Treat this page as a place-level research hub: pin the family to the right community, then expand to county jurisdictions, parent counties, and neighboring places when the courthouse or church sat outside today’s city limits.
History & context
Smithfield sits within the documentary landscape of Johnston County, formed in 1746 from the broader Craven jurisdiction.
As the seat of government, Smithfield concentrated clerks, lawyers, newspapers, hotels, and churches—making it a high-yield search term even for rural families who only visited for court, market, or marriage.
Coastal plain communities frequently connect to river trade, ports, agriculture, and free Black/plantation documentary streams. Cross-check neighboring counties when families followed rivers and rail lines.
For statewide chronology that creates records, see the NC genealogist timeline and counties & formation guide.
Churches & faith communities
Church membership is often the best substitute for missing civil vitals. Search for congregations that used Smithfield in their name or minutes, then widen to rural chapels within a few miles.
- Baptist and Methodist congregations are common statewide in the 19th–20th centuries.
- Track colonial Albemarle churches, coastal congregations, and historically African American churches—especially near ports and river towns.
- Membership lists, baptisms, marriages, and burials may use the community name even when the county clerk does not.
Guide: Church & meeting records.
Cemeteries & burials
Search cemeteries and churchyards under both the community name and the wider Johnston County label.
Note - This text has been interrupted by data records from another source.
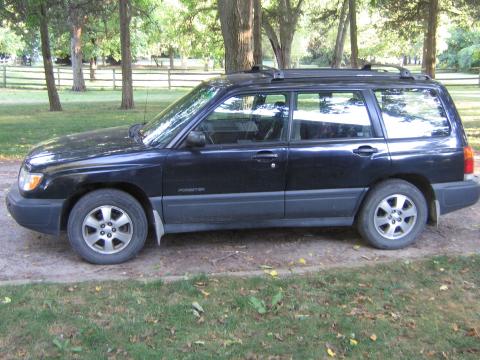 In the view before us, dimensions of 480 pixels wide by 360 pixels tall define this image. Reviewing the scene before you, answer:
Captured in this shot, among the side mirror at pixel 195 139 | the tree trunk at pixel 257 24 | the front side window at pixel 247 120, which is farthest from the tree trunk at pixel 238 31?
the side mirror at pixel 195 139

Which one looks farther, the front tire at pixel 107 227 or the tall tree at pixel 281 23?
the tall tree at pixel 281 23

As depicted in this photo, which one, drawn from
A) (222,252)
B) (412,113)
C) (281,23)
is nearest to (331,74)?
(412,113)

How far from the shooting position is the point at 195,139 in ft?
16.3

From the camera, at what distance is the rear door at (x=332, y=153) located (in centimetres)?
528

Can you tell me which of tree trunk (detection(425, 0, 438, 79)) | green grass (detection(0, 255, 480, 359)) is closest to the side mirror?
green grass (detection(0, 255, 480, 359))

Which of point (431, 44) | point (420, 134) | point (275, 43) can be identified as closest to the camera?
point (420, 134)

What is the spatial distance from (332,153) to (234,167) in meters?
0.93

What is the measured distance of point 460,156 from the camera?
5.57 meters

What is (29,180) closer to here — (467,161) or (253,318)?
(253,318)

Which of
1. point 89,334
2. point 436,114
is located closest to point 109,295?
point 89,334

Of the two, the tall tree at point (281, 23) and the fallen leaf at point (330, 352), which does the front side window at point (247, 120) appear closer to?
the fallen leaf at point (330, 352)

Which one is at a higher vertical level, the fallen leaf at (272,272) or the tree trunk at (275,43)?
the tree trunk at (275,43)

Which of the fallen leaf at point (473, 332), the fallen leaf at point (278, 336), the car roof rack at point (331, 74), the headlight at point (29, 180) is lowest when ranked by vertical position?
the fallen leaf at point (473, 332)

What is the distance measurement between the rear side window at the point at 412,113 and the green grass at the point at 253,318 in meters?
1.44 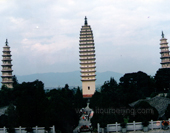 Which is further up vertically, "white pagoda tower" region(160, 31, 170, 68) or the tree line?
"white pagoda tower" region(160, 31, 170, 68)

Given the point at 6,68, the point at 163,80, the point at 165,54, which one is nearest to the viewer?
the point at 163,80

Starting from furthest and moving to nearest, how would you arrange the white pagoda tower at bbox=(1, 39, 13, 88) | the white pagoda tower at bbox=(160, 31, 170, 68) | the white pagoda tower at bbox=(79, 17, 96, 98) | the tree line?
Answer: the white pagoda tower at bbox=(79, 17, 96, 98) < the white pagoda tower at bbox=(160, 31, 170, 68) < the white pagoda tower at bbox=(1, 39, 13, 88) < the tree line

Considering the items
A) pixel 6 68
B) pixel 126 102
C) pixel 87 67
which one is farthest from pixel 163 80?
pixel 6 68

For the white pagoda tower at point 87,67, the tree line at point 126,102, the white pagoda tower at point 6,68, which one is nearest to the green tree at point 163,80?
the tree line at point 126,102

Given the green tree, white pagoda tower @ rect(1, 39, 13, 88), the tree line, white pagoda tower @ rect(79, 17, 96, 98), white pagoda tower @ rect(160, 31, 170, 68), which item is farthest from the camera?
white pagoda tower @ rect(79, 17, 96, 98)

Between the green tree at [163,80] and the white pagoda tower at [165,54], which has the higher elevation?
the white pagoda tower at [165,54]

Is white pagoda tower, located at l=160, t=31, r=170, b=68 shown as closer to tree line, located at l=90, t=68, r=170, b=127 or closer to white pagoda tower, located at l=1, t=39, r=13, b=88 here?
tree line, located at l=90, t=68, r=170, b=127

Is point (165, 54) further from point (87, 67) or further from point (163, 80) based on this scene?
point (87, 67)

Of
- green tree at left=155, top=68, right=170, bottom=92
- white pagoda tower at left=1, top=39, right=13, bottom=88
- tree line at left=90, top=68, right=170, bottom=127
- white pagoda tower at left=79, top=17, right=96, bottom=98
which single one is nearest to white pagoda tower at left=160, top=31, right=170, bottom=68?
tree line at left=90, top=68, right=170, bottom=127

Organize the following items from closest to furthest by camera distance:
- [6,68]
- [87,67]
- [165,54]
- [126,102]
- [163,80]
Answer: [126,102] < [163,80] < [6,68] < [165,54] < [87,67]

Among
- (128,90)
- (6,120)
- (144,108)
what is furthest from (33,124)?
(128,90)

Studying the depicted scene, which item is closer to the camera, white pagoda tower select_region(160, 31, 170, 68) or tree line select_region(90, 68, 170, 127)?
tree line select_region(90, 68, 170, 127)

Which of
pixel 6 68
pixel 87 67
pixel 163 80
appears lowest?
pixel 163 80

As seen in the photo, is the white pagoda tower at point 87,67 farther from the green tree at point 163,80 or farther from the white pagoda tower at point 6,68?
the green tree at point 163,80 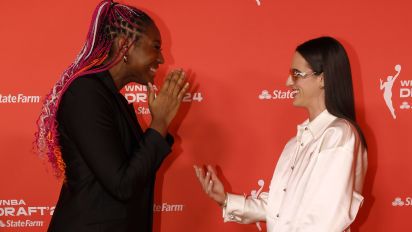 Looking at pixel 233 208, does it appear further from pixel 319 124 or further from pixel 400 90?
pixel 400 90

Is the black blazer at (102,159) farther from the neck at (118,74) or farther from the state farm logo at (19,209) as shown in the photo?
the state farm logo at (19,209)

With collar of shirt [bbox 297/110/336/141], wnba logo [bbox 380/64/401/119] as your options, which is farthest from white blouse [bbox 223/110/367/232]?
wnba logo [bbox 380/64/401/119]

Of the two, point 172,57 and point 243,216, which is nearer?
point 243,216

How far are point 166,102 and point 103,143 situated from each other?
0.26 m

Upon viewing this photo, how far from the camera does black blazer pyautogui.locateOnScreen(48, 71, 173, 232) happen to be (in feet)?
3.76

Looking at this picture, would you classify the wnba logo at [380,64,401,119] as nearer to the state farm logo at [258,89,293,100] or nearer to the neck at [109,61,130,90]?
the state farm logo at [258,89,293,100]

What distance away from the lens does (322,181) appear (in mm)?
1307

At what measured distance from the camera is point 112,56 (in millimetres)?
1358

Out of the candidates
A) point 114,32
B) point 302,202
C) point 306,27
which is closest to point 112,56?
point 114,32

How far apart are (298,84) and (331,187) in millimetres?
374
Family plots and unmarked burials are common.
- Use Find a Grave and published surveys; verify transcriptions against stones or originals when possible.
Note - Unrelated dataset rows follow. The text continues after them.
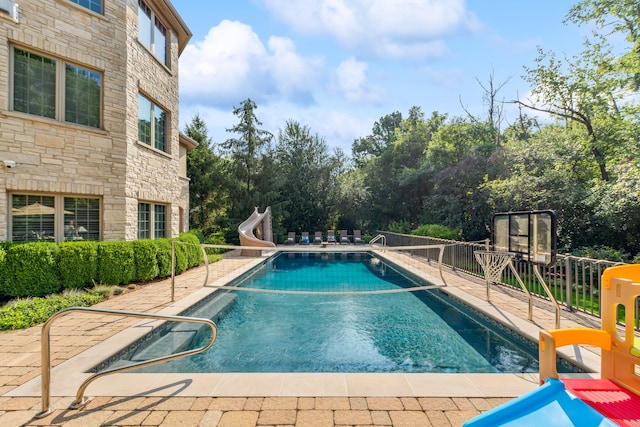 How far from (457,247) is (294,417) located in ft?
31.2

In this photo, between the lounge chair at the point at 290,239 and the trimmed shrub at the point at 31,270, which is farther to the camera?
the lounge chair at the point at 290,239

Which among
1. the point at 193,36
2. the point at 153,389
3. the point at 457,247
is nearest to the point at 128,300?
the point at 153,389

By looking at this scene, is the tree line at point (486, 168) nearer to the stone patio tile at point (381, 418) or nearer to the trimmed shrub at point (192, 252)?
the trimmed shrub at point (192, 252)

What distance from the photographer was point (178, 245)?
33.7 ft

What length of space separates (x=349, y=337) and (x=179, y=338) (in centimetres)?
311

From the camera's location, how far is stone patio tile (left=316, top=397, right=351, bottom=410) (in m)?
2.88

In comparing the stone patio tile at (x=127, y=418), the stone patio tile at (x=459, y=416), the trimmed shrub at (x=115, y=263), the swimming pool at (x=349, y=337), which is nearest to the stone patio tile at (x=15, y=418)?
the stone patio tile at (x=127, y=418)

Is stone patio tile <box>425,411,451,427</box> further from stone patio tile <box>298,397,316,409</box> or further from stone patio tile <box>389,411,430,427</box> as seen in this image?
stone patio tile <box>298,397,316,409</box>

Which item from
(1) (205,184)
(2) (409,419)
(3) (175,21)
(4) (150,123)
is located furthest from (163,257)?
(1) (205,184)

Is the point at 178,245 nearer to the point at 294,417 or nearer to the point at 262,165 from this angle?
the point at 294,417

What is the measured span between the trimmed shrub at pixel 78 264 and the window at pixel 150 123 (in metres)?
4.20

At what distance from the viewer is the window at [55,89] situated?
7.43 meters

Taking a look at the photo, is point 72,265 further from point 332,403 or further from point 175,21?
point 175,21

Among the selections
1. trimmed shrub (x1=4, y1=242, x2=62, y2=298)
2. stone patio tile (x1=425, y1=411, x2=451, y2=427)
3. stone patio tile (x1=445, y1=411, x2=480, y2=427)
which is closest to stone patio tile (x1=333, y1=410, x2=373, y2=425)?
stone patio tile (x1=425, y1=411, x2=451, y2=427) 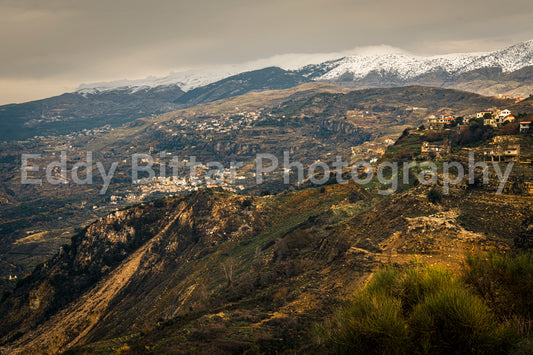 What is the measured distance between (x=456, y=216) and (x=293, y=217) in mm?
30192

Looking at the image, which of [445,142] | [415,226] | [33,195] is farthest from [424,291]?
[33,195]

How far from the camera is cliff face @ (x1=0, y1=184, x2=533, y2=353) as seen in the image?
22625mm

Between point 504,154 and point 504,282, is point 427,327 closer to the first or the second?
point 504,282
- City cemeteries near seats often hold rural families who “came to town” for burial plots.
Guide: Cemeteries & burial research · Find a Grave search for Smithfield
Newspapers
Newspapers are place-name gold: they index communities more loosely than deed books.
- County-seat papers often covered the whole county—search for rural neighborhoods and “items from Smithfield.”
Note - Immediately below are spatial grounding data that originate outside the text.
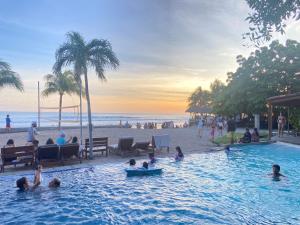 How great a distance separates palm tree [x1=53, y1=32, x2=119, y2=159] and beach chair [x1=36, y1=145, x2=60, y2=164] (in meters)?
1.86

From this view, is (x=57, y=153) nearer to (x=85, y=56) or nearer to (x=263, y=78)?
(x=85, y=56)

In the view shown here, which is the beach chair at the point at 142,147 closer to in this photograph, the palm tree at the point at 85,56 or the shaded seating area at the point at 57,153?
the palm tree at the point at 85,56

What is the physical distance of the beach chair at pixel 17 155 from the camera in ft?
40.0

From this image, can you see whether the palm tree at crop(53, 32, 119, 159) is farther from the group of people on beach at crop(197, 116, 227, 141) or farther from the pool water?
the group of people on beach at crop(197, 116, 227, 141)

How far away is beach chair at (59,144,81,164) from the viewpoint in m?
13.5

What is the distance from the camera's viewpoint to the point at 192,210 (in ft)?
28.0

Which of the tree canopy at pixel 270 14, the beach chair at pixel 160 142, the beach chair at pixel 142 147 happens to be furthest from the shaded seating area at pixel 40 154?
the tree canopy at pixel 270 14

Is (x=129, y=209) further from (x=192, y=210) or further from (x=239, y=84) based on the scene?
(x=239, y=84)

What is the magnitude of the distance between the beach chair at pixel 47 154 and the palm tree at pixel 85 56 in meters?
1.86

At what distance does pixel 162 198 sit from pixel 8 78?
13844 millimetres

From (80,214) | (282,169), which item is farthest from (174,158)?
(80,214)

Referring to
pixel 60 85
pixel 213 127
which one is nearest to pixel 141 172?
pixel 213 127

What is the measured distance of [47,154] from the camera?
43.3 ft

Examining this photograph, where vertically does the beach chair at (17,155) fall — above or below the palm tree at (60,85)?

- Look for marriages, obituaries, land sales, church news, and “personal mention” columns naming visitors and migrants.
- Combine local weeklies with larger regional papers (Raleigh, Charlotte, Greensboro, Asheville, Wilmington, etc.).
Guides: Newspapers · DigitalNC · Chronicling America
Research strategy
- Place the event in the right year and jurisdiction (county formed 1746); earlier events may sit in Craven.
- Work census clusters around Smithfield, then land/probate at the county seat (Smithfield).
- Use churches, cemeteries, and newspapers that name the community when civil vitals are thin.
- Widen to neighboring counties when deeds, marriages, or burials cross the line.